## Exercise
What the task requires is an exact printout of the listing below, pictures excluded.

## Provided data
--
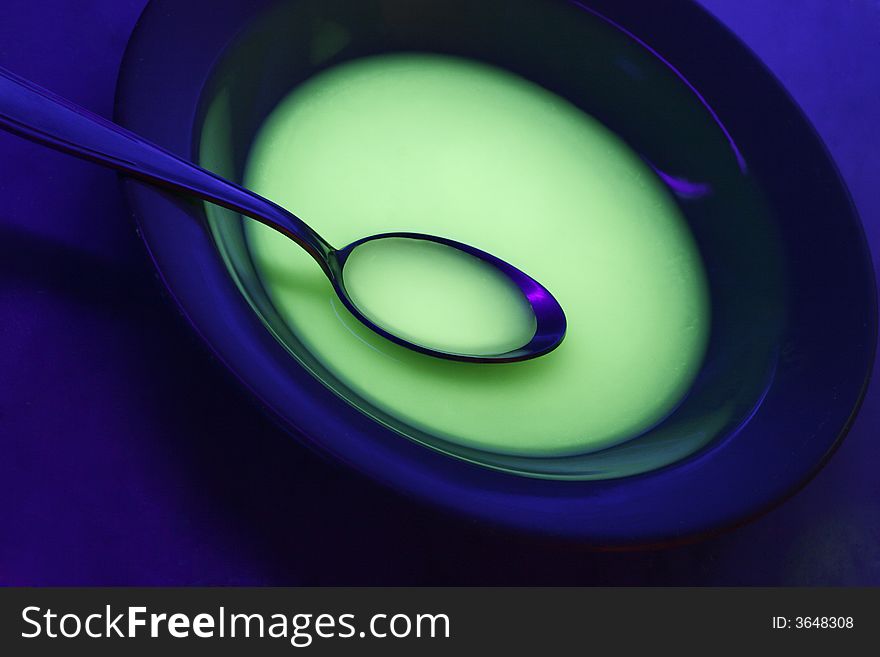 Plate and tablespoon over blue background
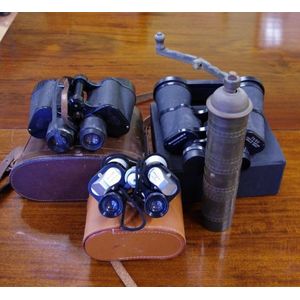 Three vintage pairs of binoculars, with cases, together with a…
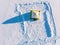 Tent for winter ice fishing, top aerial view, fisherman holding rod in hole lake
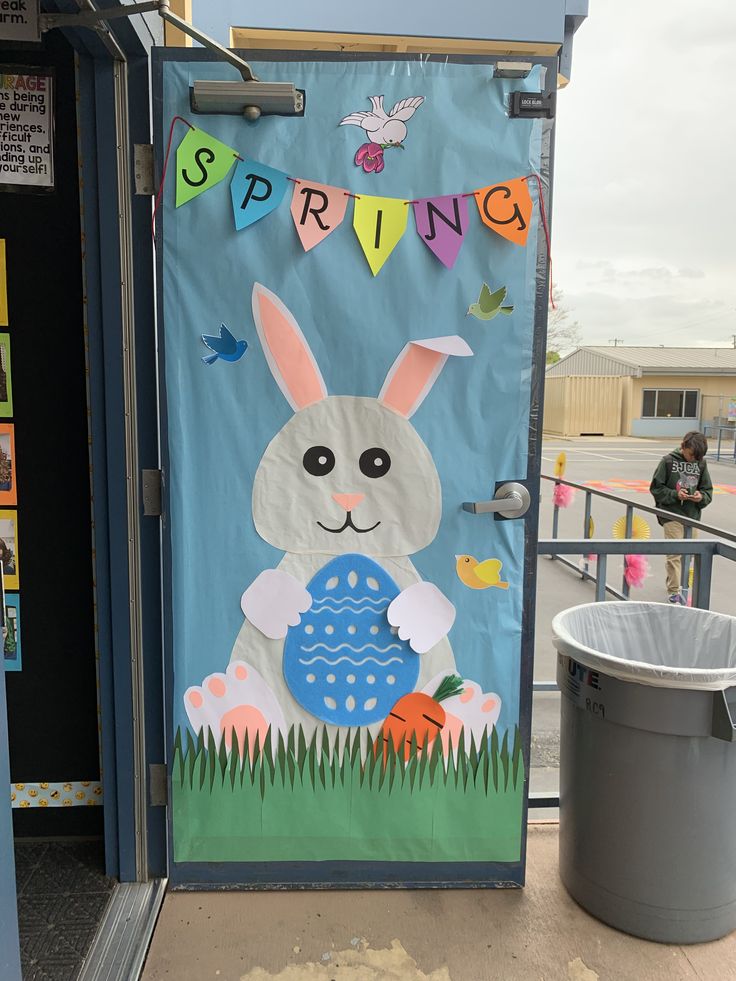 a door decorated with an image of a bunny holding a blue egg in front of a trash can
--
## Output for this exercise
 Plate and tablespoon over blue background
 Three vintage pairs of binoculars, with cases, together with a…
 Tent for winter ice fishing, top aerial view, fisherman holding rod in hole lake
 a door decorated with an image of a bunny holding a blue egg in front of a trash can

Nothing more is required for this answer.